Publié le 2025-10-17 09:26:00. Une nouvelle approche diagnostique permet désormais de confirmer ou d’exclure rapidement une allergie à la pénicilline chez les adultes, simplifiant ainsi la prise en charge médicale et évitant des traitements inappropriés.
Une équipe de chercheurs espagnols, issue de l’Université de Malaga (UMA), de l’Hôpital Universitaire Régional de Malaga et de l’IBIMA-Plataforma BIONAND, a mis au point une méthode révolutionnaire pour évaluer les allergies à la pénicilline chez les adultes.
Jusqu’à présent, un grand nombre de patients se voient étiquetés comme allergiques à la pénicilline sur la base de diagnostics erronés ou d’antécédents lointains. Selon les auteurs de cette étude, jusqu’à 90 % des personnes concernées pourraient en réalité tolérer cet antibiotique sans problème. Cette nouvelle approche, publiée dans la revue scientifique Allergy, offre la possibilité de « délabelliser » en toute sécurité la grande majorité de ces patients, leur ouvrant la voie à des traitements plus adaptés et potentiellement plus efficaces.

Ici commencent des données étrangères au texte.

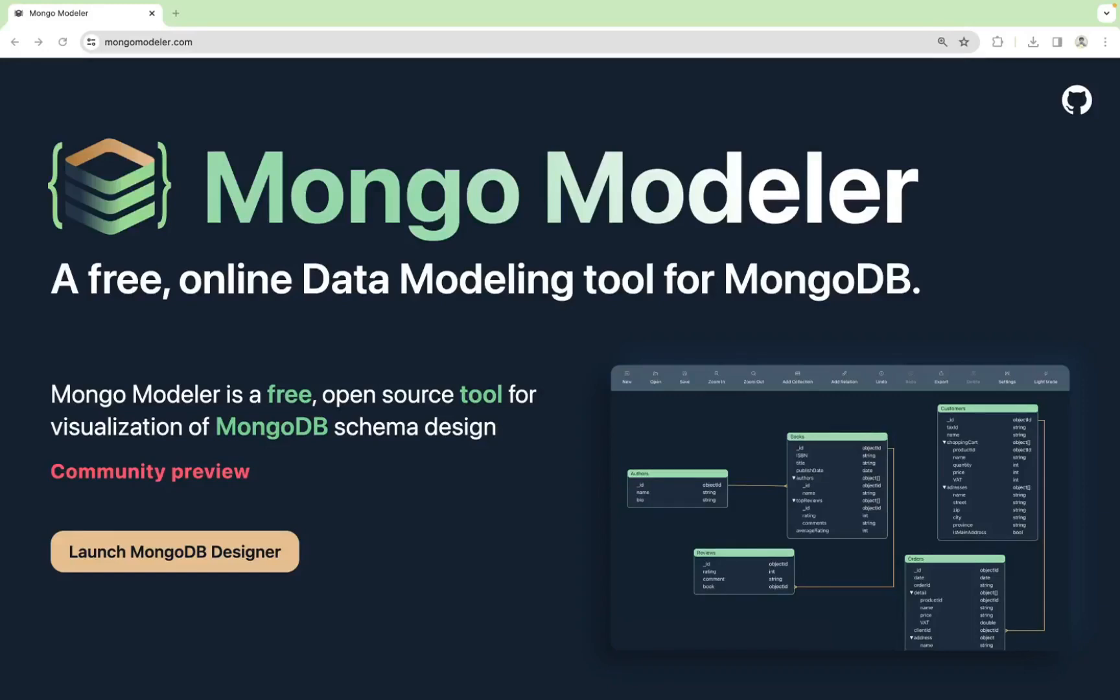Let me introduce you to version 0.1 of Mongo Modeler, a document database diagram editor, which is free, open source and online. Shall we take a tour? Enter mongomodeler.com and click on Launch MongoDB Designer.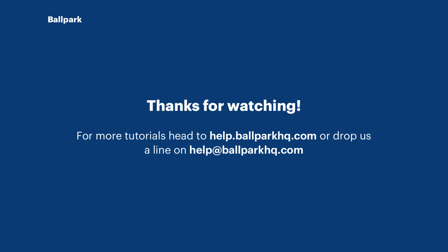And that's about it for this tutorial. If you have any more questions about Ballpark, feel free to reach out to us using the information on the screen now.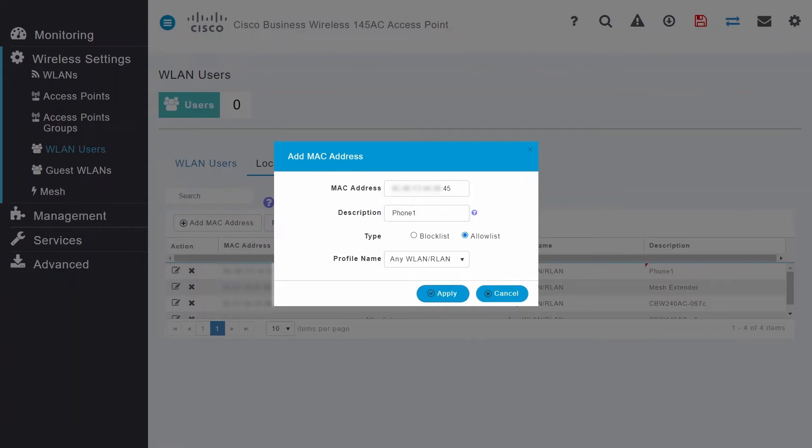If you want to create a list of blocked MAC addresses, you must select the type as Block List. The AP will then block this MAC address and allow all other MAC addresses on the WLAN.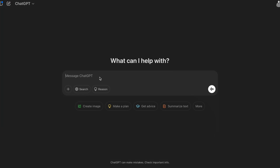Hi guys, welcome back to our channel DevSecHacker. Today I would like to talk about prompt injection — so basically, what is prompt injection? Let's see it.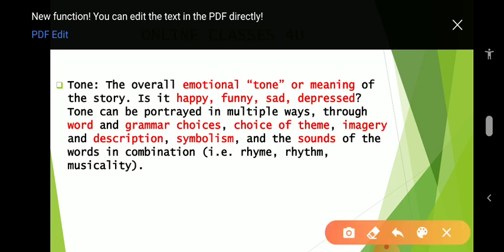The next element is tone — the overall emotional tone or meaning of the story. It can be happy, funny, sad, or depressed. Tone can be portrayed in multiple ways: through word and grammar choices, choice of theme, imagery and description, symbolism, and the sounds of words in combination — that is rhyme, rhythm, and musicality.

« En redonnant la possibilité de prescrire la pénicilline, qui reste l’antibiotique de premier choix pour de nombreuses infections, nous évitons le recours à des alternatives plus coûteuses ou moins performantes », explique María José Torres Jaén, professeure à l’UMA et chef du service d’allergologie de l’Hôpital régional universitaire de Malaga. Elle souligne que cette démarche s’inscrit dans une logique de médecine personnalisée, optimisant l’usage des ressources et contribuant à lutter contre la résistance bactérienne.
Un protocole simplifié et économique
Le nouveau protocole diagnostique présente des avantages considérables tant pour les patients que pour le système de santé. Il supprime la nécessité de tests cutanés préalables, souvent peu sensibles pour les réactions non immédiates à la pénicilline. Le diagnostic est ainsi posé en moins de 48 heures et en une seule visite, réduisant les séjours hospitaliers et les coûts associés. « Cette approche agile et efficace marque un tournant dans la prise en charge clinique des allergies médicamenteuses », affirme María José Torres.
Des résultats probants sur plus de 260 patients
Entre janvier 2023 et février 2024, l’équipe a suivi 269 adultes présentant un faible risque d’allergie à la pénicilline. Ces patients avaient soit des antécédents de réactions cutanées légères non immédiates (éruption maculopapuleuse, urticaire, œdème de Quincke sans signes de gravité), soit un historique d’allergie infantile dont les détails étaient flous.
Chacun d’entre eux a reçu directement une dose orale unique de pénicilline (500 mg d’amoxicilline ou 500 mg/125 mg d’amoxicilline-clavulanate), sans test cutané préalable. Ils ont été surveillés pendant 60 minutes à l’hôpital, puis pendant 48 heures à domicile.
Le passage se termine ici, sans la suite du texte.